Mendekatkan Hati Saat Membaca Al-Quran (2)

UNTUK merasakan suasana batiniah, pada saat mengawali bacaan dengan merenungkan keagungan Allah Yang Maha Berfirman, maka Anda merenungkan keagungan firman-Nya. Hadirkan dalam hati Anda fenomena Arasy, Kursi, langit, bumi, dan segala yang terdapat di antara keduanya berupa malaikat, jin, manusia, hewan, tumbuh-tumbuhan dan barang-barang tambang.

Harus Anda ingat bahwa Pencipta semua itu adalah Esa. Semuanya berada dalam genggaman kekuasaan-Nya, berada di antara karunia dan rahmat-Nya. Sementara itu Anda ingin membaca kalam-Nya dan dengan itu Anda ingin melihat sifat Dzat-Nya serta mempelajari keindahan ilmu dan hikmah-Nya. Dan Anda tahu bahwa sebagaimana bagian fisik mushaf tidak bisa disentuh, kecuali oleh orang-orang yang bersuci dan tidak boleh disentuh oleh selain mereka, maka begitu pula hakikat makna dan batin mushaf tertutup dari batiniah hati, kecuali bila ia telah disucikan dari setiap kotoran batiniah.

Pengagungan ini pernah ditunjukkan oleh sahabat Ikrimah. Apabila membentangkan mushaf, kadang-kadang ia pingsan sembari berkata, “Ini firman Tuhanku, ini firman Tuhanku.”

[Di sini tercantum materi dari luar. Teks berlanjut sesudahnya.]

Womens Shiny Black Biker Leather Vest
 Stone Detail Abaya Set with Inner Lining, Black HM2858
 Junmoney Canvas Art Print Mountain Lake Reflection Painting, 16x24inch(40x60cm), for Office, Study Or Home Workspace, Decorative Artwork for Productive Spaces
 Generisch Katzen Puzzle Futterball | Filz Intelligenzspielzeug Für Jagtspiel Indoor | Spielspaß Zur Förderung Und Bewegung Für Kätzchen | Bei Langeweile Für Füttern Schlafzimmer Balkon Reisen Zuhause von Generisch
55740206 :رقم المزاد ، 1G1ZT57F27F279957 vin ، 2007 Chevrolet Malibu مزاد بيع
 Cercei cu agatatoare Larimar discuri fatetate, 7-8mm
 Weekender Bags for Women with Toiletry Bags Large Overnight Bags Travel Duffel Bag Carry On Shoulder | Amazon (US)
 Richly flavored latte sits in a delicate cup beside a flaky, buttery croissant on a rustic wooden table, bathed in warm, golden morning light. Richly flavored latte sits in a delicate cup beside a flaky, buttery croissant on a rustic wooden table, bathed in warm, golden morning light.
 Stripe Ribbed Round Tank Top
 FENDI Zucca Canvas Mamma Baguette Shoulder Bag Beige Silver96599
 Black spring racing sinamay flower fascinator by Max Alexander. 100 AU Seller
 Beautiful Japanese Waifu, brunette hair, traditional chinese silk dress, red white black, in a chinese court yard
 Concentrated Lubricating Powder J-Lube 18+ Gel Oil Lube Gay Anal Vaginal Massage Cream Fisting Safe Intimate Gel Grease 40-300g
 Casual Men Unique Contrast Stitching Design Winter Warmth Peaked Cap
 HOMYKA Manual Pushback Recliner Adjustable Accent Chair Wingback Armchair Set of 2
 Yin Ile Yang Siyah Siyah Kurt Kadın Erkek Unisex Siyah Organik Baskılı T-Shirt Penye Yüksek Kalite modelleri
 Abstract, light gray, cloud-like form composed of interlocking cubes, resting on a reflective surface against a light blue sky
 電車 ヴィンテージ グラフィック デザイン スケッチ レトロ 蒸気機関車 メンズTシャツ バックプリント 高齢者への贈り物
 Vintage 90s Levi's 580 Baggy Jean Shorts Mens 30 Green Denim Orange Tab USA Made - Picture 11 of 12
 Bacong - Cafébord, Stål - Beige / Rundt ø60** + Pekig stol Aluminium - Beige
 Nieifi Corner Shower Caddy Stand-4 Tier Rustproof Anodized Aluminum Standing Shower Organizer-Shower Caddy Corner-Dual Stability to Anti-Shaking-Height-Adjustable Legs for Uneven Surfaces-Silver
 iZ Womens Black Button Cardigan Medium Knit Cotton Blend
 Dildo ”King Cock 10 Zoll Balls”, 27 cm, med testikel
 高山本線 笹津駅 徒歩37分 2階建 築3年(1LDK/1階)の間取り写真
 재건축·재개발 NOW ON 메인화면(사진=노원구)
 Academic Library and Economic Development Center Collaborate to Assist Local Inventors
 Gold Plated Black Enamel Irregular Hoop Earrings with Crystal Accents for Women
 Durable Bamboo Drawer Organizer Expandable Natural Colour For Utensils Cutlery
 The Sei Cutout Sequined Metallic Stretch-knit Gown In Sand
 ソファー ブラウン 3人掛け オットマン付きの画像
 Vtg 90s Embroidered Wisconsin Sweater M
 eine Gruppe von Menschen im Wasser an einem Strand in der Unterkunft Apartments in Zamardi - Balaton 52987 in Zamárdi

Ketahuilah bahwa kalau saja cahaya kalam-Nya yang mulia dan keagungannya tidak diselimuti oleh tirai huruf, niscaya kekuasaan manusia tidak sanggup mendengarnya lantaran keagungan dan kekuasaan-Nya serta limpahan cahaya-Nya. Kalau saja Allah Azza wa Jalla tidak memberikan keteguhan kepada Musa a.s., niscaya ia tidak mampu mendengarnya tanpa terbungkus oleh huruf dan suara, sebagaimana gunung tidak sanggup menahan penampakkan diri-Nya hingga hancur luluh.

Kedua, hendaklah Anda membaca dengan merenungkan makna-maknanya, jika memang Anda termasuk ahlinya. Ulangilah setiap bacaan yang Anda ucapkan dalam kondisi lalai. Janganlah Anda menganggapnya sebagai amal, karena pembacaan tartil pada dasarnya sebagai upaya memperkuat perenungannya.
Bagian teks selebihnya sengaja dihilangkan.